Pressestimmen

TANZCAFE TREBLINKA

„Globocniks Alter Ego erscheint in Ute Liepolds beachtenswerter Inszenierung als gut gelaunter Moderator einer gespenstischen TV-Conférence. Wie Marcus Thill in dieser Rolle die „Kamingespräche unter Massenvernichtern“ aufleben lässt, jagt einem den Schauder über den Rücken.
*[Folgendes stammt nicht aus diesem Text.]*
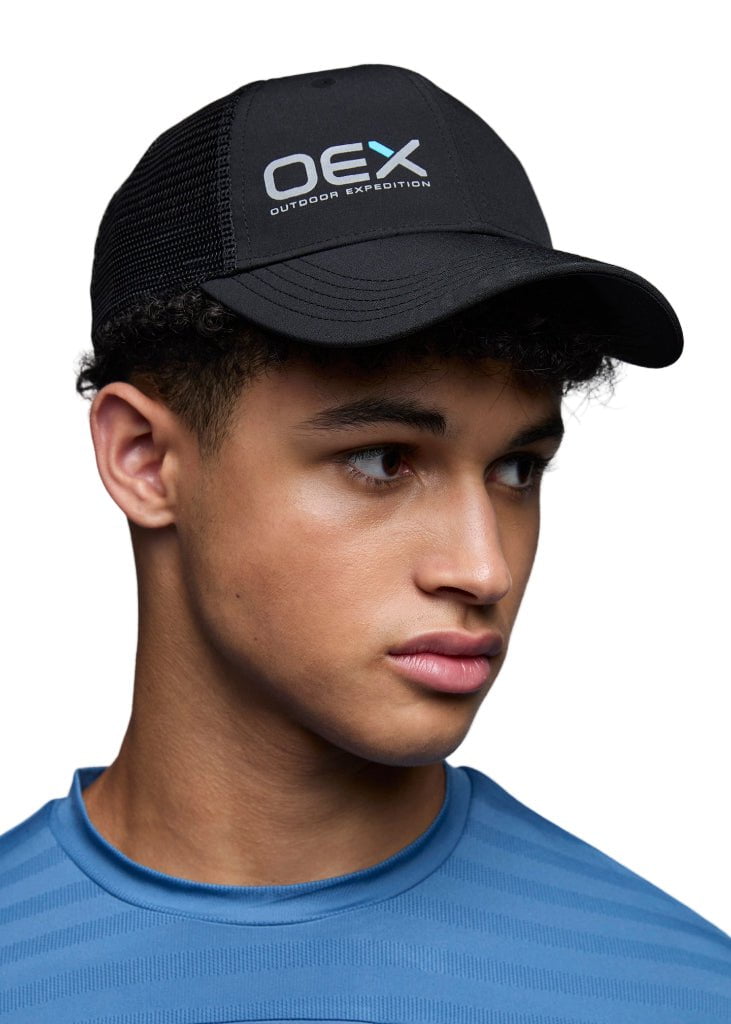 Person wearing a black cap with 'OEX' logo on a white background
Und Andreas Jähnert läuft in seinem erschreckenden Verdrängungsmonolog in einer auch athletisch erstaunlichen Leistung der Vergangenheit davon…“ (Der Standard, 28. 01. 2017)

„Ute Liepold hat Koflers rhythmisches Furioso gegen die Verdrängung der Nazi-Vergangenheit und die in der Maske der Unkenntnis steckende Oberflächlichkeit der Gesellschaft zu einem spannenden Abend mit musikalischen Interventionen verdichtet.“ (Kleine Zeitung, 28.1. 2017)
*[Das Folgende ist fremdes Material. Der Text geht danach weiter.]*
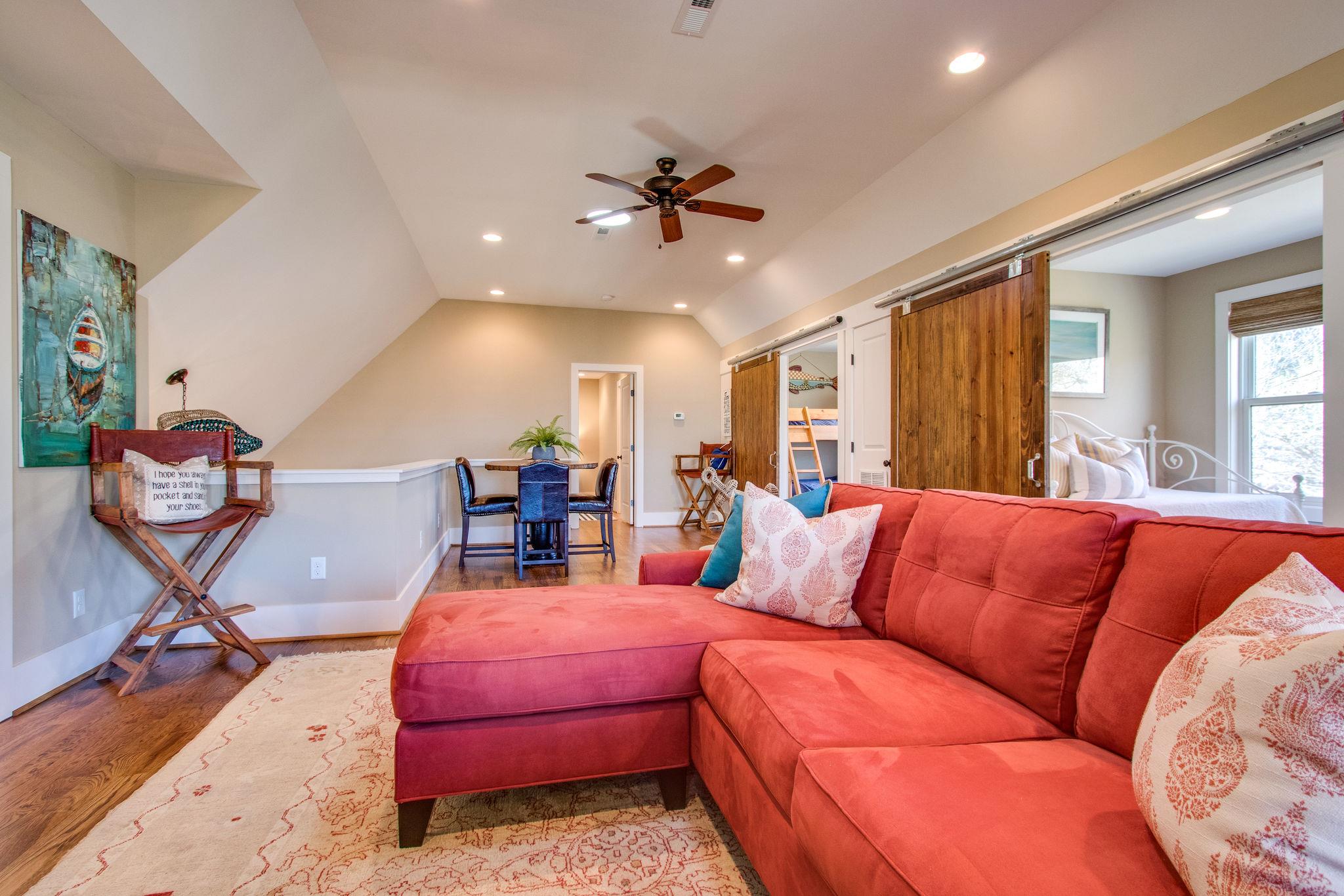 750 Floating Mill Village Road Silver Point, TN 38582 - Photo 17 of 30 a living room with furniture kitchen view and a chandelier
„Was für eine hämmernde Anklage, was für ein grandioses Stück, das Ute Liepold mit Werner Kofler „Tanzcafé Treblinka“ zum Klingen bringt…Ein Muss!“ (Kronen Zeitung, 6.2. 2017)

ANTIGONE

„Feuriges Wortduell aus der Antike: Das Erfolgskonzept des Vorjahres bewährt sich für das Freiluft-Projekt des Theaters Wolkenflug auch heuer wieder: Begeisterten 2016 „Die Perser“ von Aischylos in der Arena von Virunum, so fesselt heuer „Antigone“ von Sophokles inmitten der römischen Ausgrabungen am Magdalensberg.“ (Kleine Zeitung, 23.06.2017)

„Wie eine Braut, die den Tod freiwillig umarmen wird, steht sie im weißen Kleid am steilen Waldrand. Unter ihr bereiten Ausgrabungen im Archäologischen Park der Tragödie eine stimmige Kulisse, die Theater Wolkenflug und Ute Liepold virtous nutzen, um Sophokles‘ „Antigone“ durch Jahrtausende die Hand zu reichen“. (Kronen Zeitung, 18.06.2017)

PUBLIKUMSBESCHIMPFUNG

„Ute Liepold inszeniert (…) dicht und mit leichter Hand. Dicht, weil sie Tempo und Rhythmus des Einakters zügig durchzieht; leichthändig, weil sie die vier ursprünglich männlichen Rollen mit Damen besetzt und Handkes Choreographie der Worte entsprechende Lockerheit verleiht.“ (Kronen Zeitung, 07.12.2017)

„Handke macht mit Worten Musik und die Regisseurin hat den passenden Rhythmus dazu gefunden. Der Ton wird nie aggressiv, sondern ist von spöttischer Freundlichkeit. „Eine wunderbare Komödie“, möchte man den vier Sprachrohen Handkes zurufen. Und beim Schlußapplaus nicht vergessen: „Ihr seid das Thema“. (Kleine Zeitung, 7.12.2017)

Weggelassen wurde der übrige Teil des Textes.